PDF Extraction API is a simple API built on top of the Marker PDF library. It allows you to parse and convert PDF files into Markdown format, extract images, and retrieve the parsed content through local and web endpoints.
- Clone the repository:
git clone https://github.com/satish860/PDF-Extraction-API.git
- Install the required dependencies:
pip install modal marker-pdf hf_transfer opencv-python-headless pillow
To run the PDF parser and converter locally, use the following command:
modal run app.py
This will execute the main
function defined in app.py
, which downloads a PDF from a specified URL, processes it using Marker PDF, and saves the parsed content and images locally.
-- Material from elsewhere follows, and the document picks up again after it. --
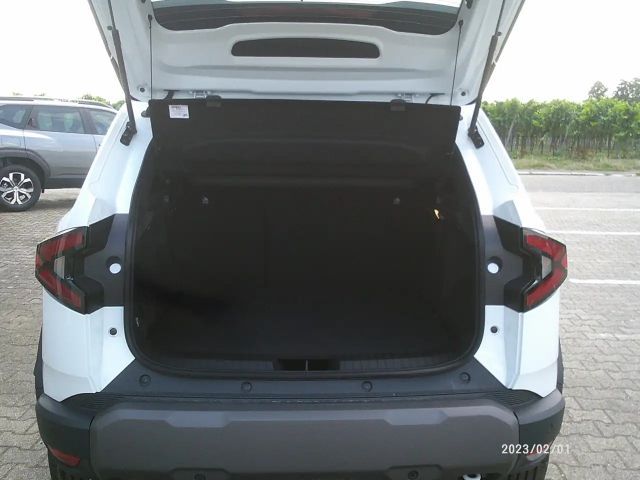 Dacia Duster Hybrid 140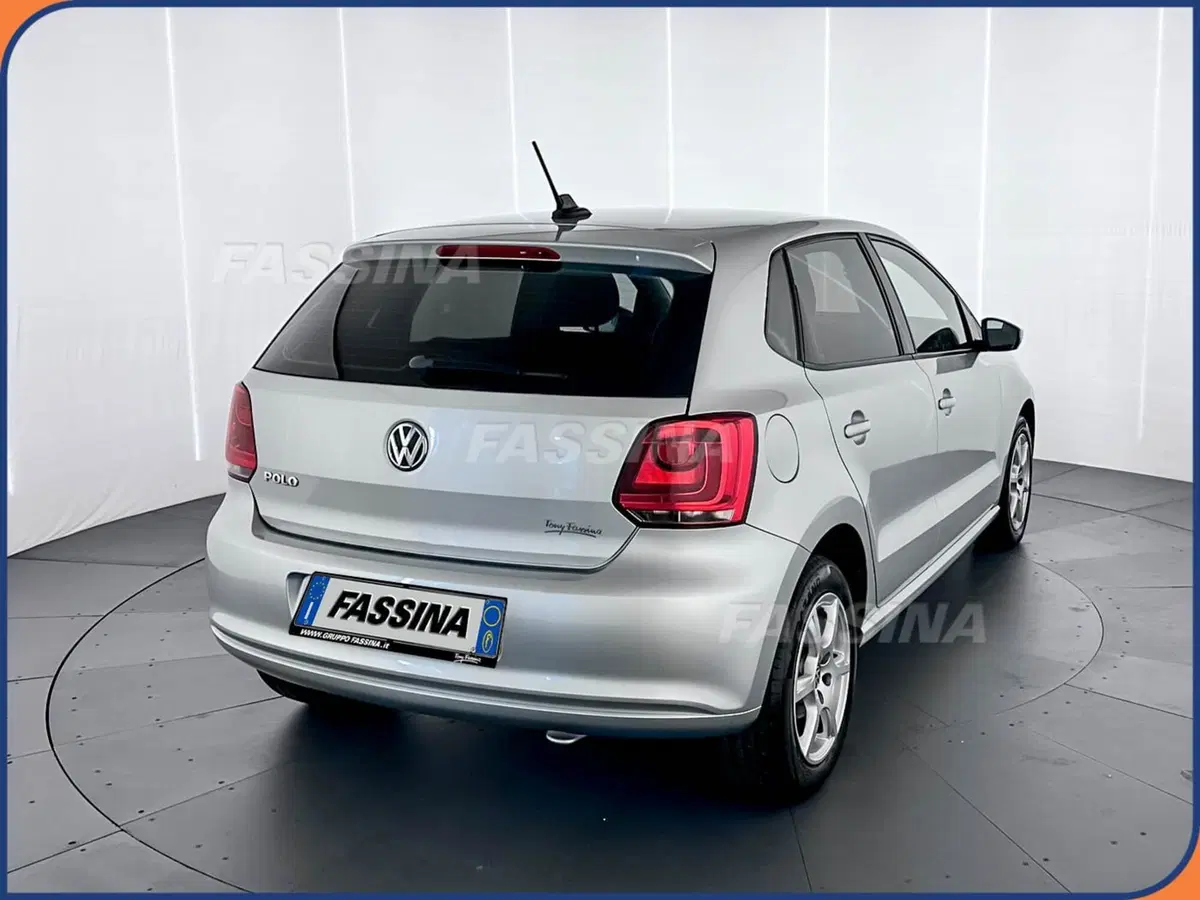 Volkswagen Polo usata a Milano (6)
To run the PDF parser and converter as a web endpoint, use the following command:
modal serve app.py
This will start a web server and expose the /convert
endpoint. You can send a POST request to this endpoint with the PDF chunk as a base64-encoded string in the request body. The endpoint will process the PDF using Marker PDF and return the parsed Markdown content, base64-encoded images, and metadata as a JSON response.
Before running the application, make sure to set the following environment variables:
export HF_HUB_ENABLE_HF_TRANSFER=1
export TRANSFORMERS_CACHE=/data/transformers_cache
export HF_HOME=/data/hf_home
These environment variables are required for the proper functioning of the Marker PDF library.
This project is licensed under the MIT License.